Virago: Changing The World One Page At A Time


It’s felt a bit of a grim year for events in the wider world: terror, Brexit, xenophobia, squabbles on social media. So it was truly heartening this week to watch the documentary on Virago on Monday night: Virago: Changing The World One Page At A Time. (It’s on YouTube too if you can’t find it on iPlayer.)

So many of my formative reads, dating back to the 1980s when I was at university, are Viragos: Maya Angelou, Marilynne Robinson, Patricia Highsmith, Margaret Atwood, Sarah Waters (Fingersmith is my favourite novel), Angela Carter, Mary Webb.

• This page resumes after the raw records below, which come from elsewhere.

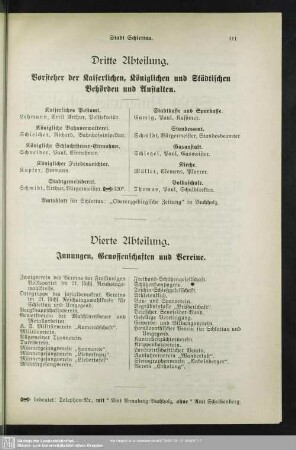 Vierte Abteilung. Innungen, Genossenschaften und Vereine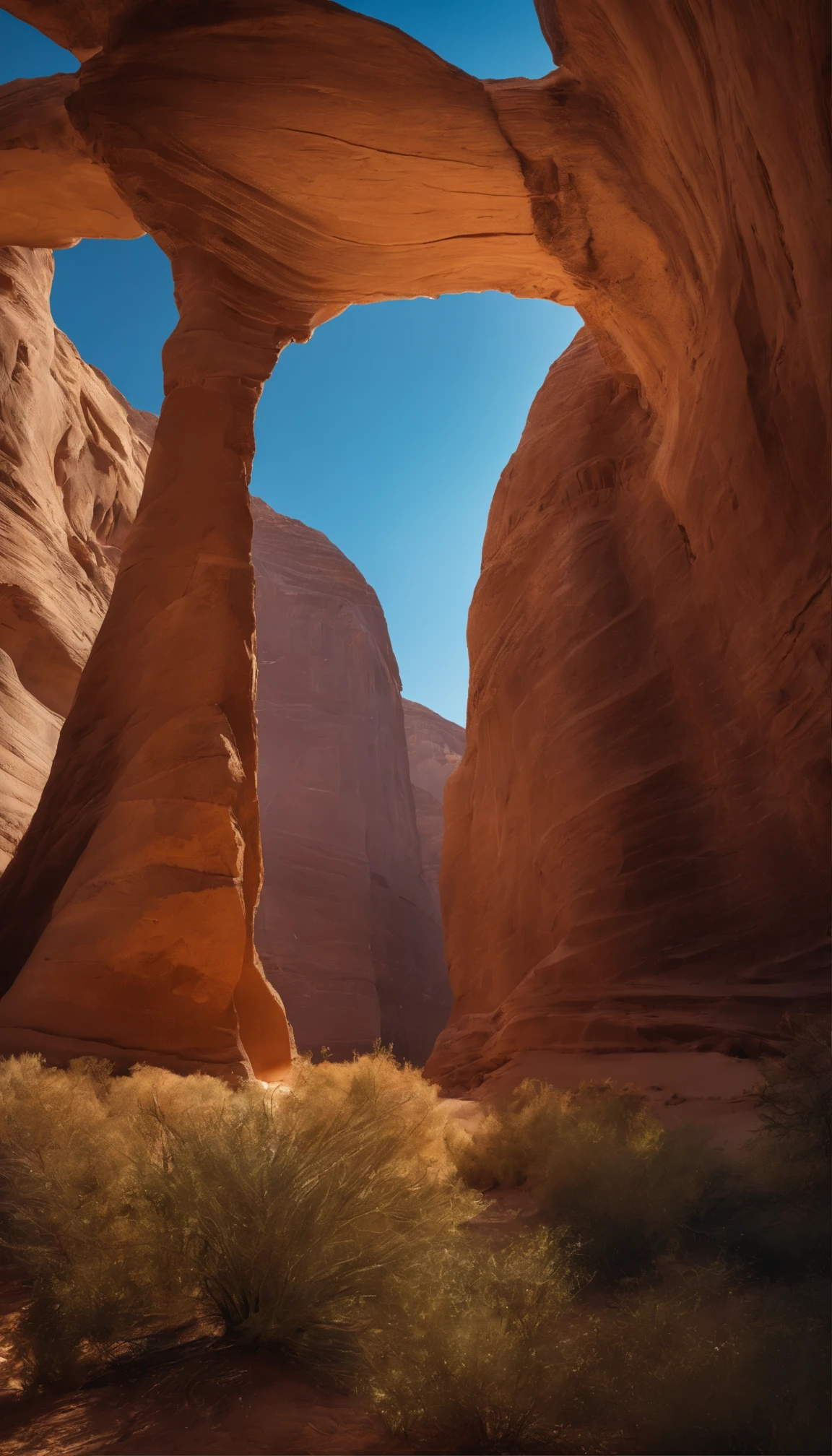 A desert,Half the sky,blue colors,starrysky,Native,high qulity,tmasterpiece,Hyper-realistic,Ultra photo realsisim,8K,super-fine,ultra - detailed,Ultra-wide angle of view,NOhumans,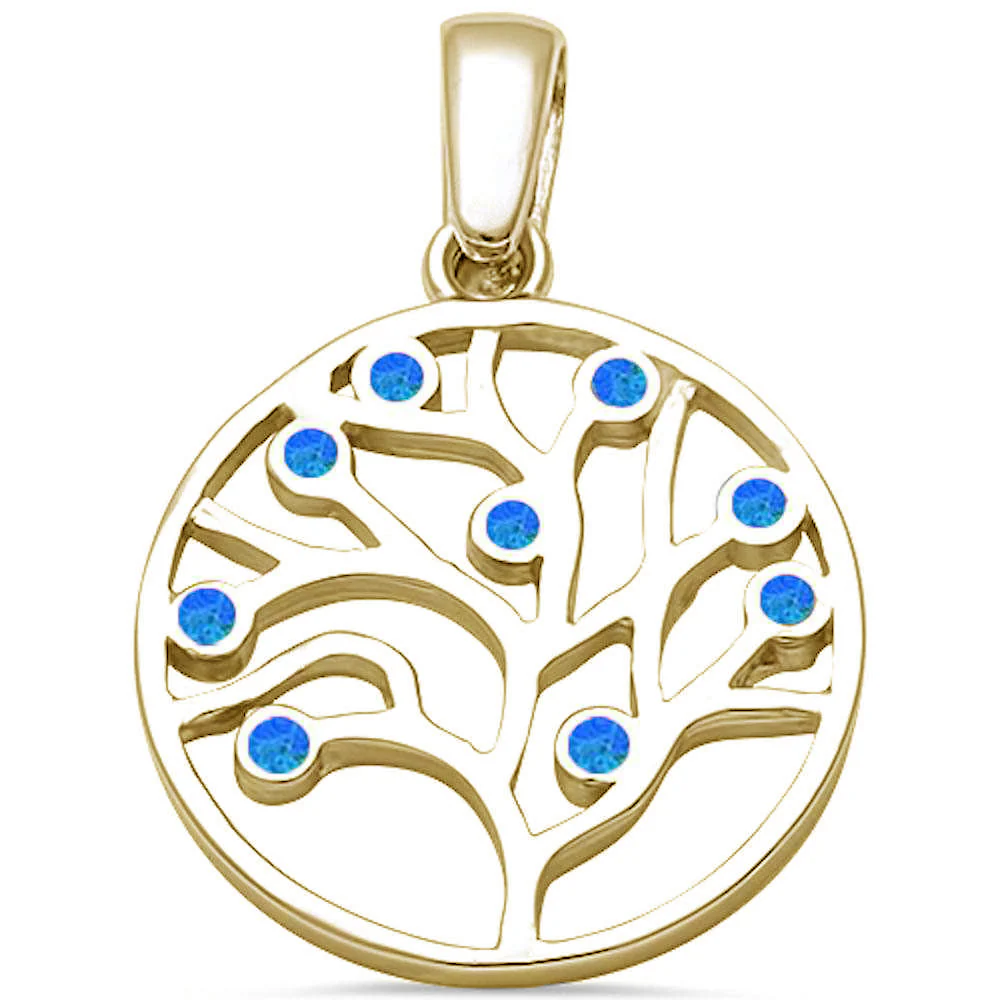 <span>CLOSEOUT! </span>Yellow gold Plated Blue Opal Tree of Life .925 Sterling Silver Pendant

And Willa Cather! So many of my favourite books have that half-eaten apple on the spine (what a great logo).

Though publishers take great pains in creating imprints as brands, it’s probably the case that very few names in publishing have real brand recognition for most readers. Maybe only two, I’ve heard said. Penguin is one (such exquisite design and canny marketing, as well as editorial nous). And Virago is the other.

Certain cultural institutions belong to us all: Penguin Books, the BBC, Virago. I imagine you must identify with Virago even more strongly if you are a woman, but men can just let Virago be that bright big sister who’s always there with a good book recommendation.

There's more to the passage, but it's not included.